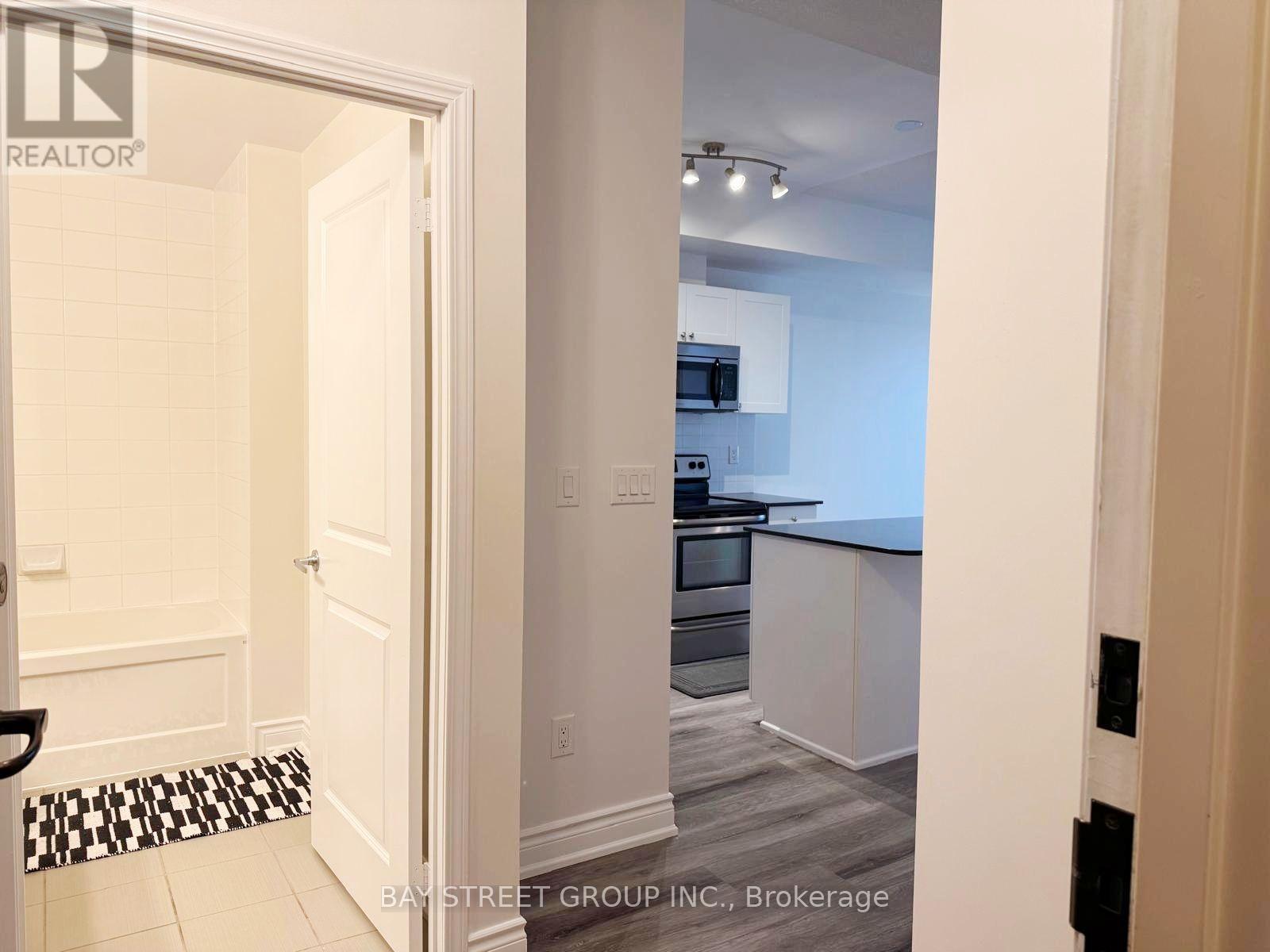 1807 - 385 Prince Of Wales Drive, Mississauga, Ontario  L5B 0C6 - Photo 9 - W12208620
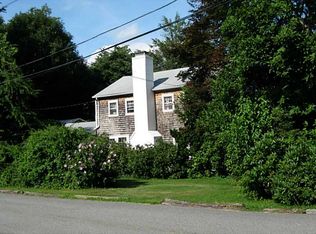 50 Sunset Ave, Saunderstown, RI 02874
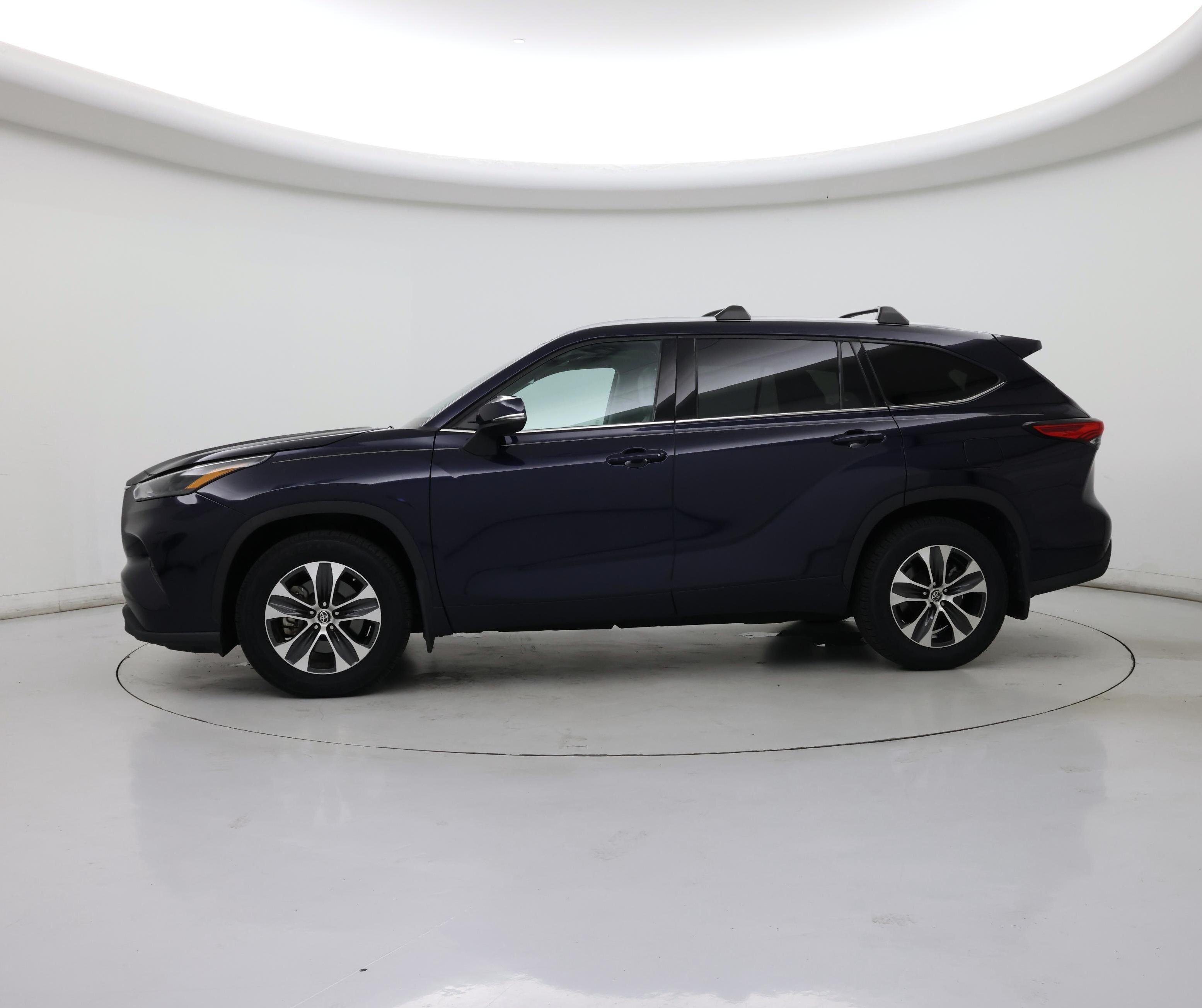 Thumbnail: 2022 Toyota Highlander - 3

_REQUIREMENT_
Reproduce the data verbatim. Do not carry any picture into the copy.

_RESPONSE_
 1807 - 385 Prince Of Wales Drive, Mississauga, Ontario  L5B 0C6 - Photo 9 - W12208620
 50 Sunset Ave, Saunderstown, RI 02874
 Thumbnail: 2022 Toyota Highlander - 3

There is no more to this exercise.